Here’s the corresponding code:
#include <cuda_pipeline_primitives.h> __shared__ double v[PDIST* BLOCKDIMX]; for (k=0; k<PDIST; ++k) { // fill the prefetch buffer asynchronously __pipeline_memcpy_async(&vsmem(k), &arr[threadIdx.x+k* BLOCKDIMX], 8); __pipeline_commit(); } for (i=threadIdx.x, ctr=0; i<imax; i+= BLOCKDIMX, ctr++) { __pipeline_wait_prior(PDIST-1); //wait on needed prefetch value ctr_mod= ctr%PDIST; locvar = vsmem(ctr_mod); if ( i<imax-PDIST* BLOCKDIMX) { // prefetch one new value __pipeline_memcpy_async(&vsmem(ctr_mod), &arr[i+PDIST* BLOCKDIMX], 8); __pipeline_commit(); } <more instructions using locvar, for example, transcendentals> }
As each __pipeline_wait_prior
instruction must be matched by a __pipeline_commit
instruction, we put the latter inside the loop that prefills the prefetch buffer, before entering the main computational loop, to keep bookkeeping of matching instruction pairs simple.
Performance results
Figure 1 shows, for various prefetch distances, the performance improvement of a kernel taken from a financial application under the five algorithmic variations described earlier.

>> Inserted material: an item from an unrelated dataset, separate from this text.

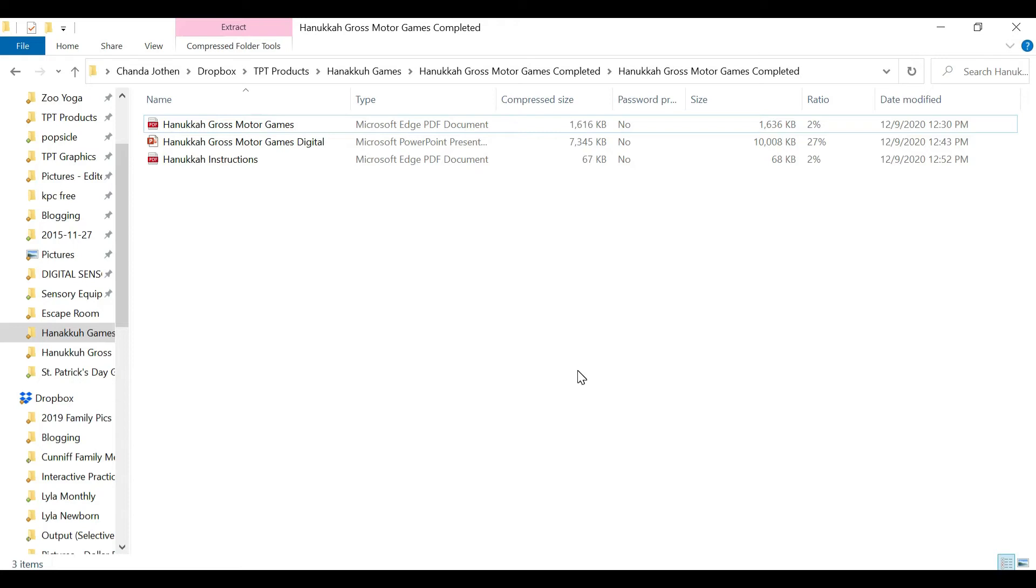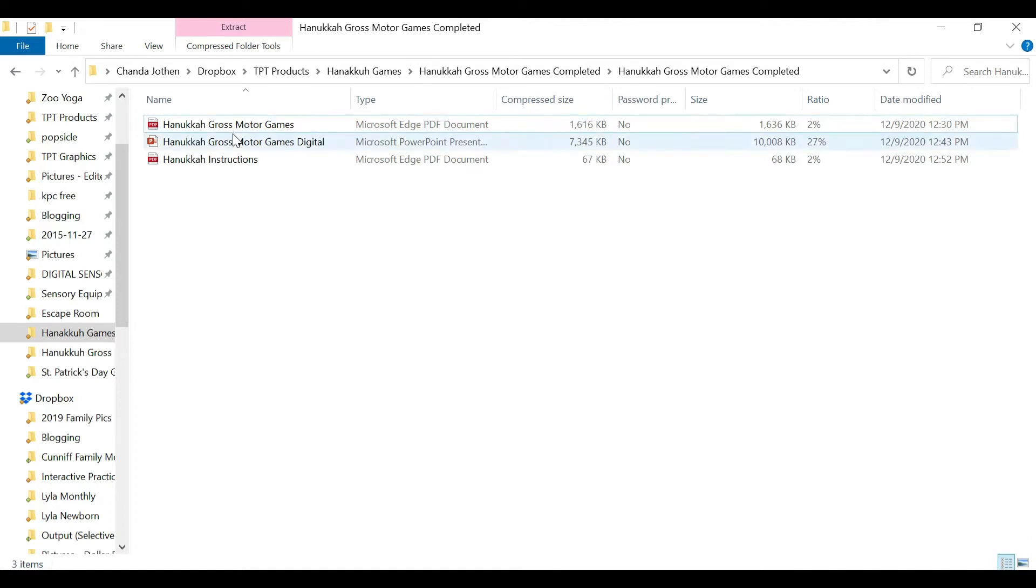Hey, it's Shanna from Pink Boat Meal, and I'm just going to give you a tour of the Hanukkah Gross Motor Games. When you get your file, you're going to have a PDF and a PowerPoint. Open the PDF.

- Batched prefetch into registers (scalar batched)
- Batched prefetch into shared memory (smem batched)
- Rolling prefetch into registers (scalar rolling)
- Rolling prefetch into shared memory (smem rolling)
- Rolling prefetch into shared memory using asynchronous memory copies (smem rolling async)
Clearly, the rolling prefetching into shared memory with asynchronous memory copies gives good benefit, but it is uneven as the prefetch buffer size grows.
A closer inspection of the results, using Nsight Compute, shows that bank conflicts occur in shared memory, which cause a warp worth of asynchronous loads to be split into more successive memory requests than strictly necessary. The classical optimization approach of padding the array size in shared memory to avoid bad strides works in this case. The value of PADDING
is chosen such that the sum of PDIST
and PADDING
equals a power of two plus 1. Apply it to all variations that use shared memory:
#define vsmem(index) v[index+(PDIST+PADDING)*threadIdx.x]
This leads to the improved shared memory results shown in Figure 2. A prefetch distance of just 6, combined with asynchronous memory copies in a rolling fashion, is sufficient to obtain optimal performance at almost 60% speedup over the original version of the code. We could actually have arrived at this performance improvement without resorting to padding by changing the indexing scheme of the array in shared memory, which is left as an exercise for the reader.
A variation of prefetching not yet discussed moves data from global memory to the L2 cache, which may be useful if space in shared memory is too small to hold all data eligible for prefetching. This type of prefetching is not directly accessible in CUDA and requires programming at the lower PTX level.
Summary
In this post, we showed you examples of localized changes to source code that may speed up memory accesses. These do not change the amount of data being moved from memory to the SMs, only their timing. You may be able to optimize more by rearranging memory accesses such that data is reused many times after it arrives on the SM.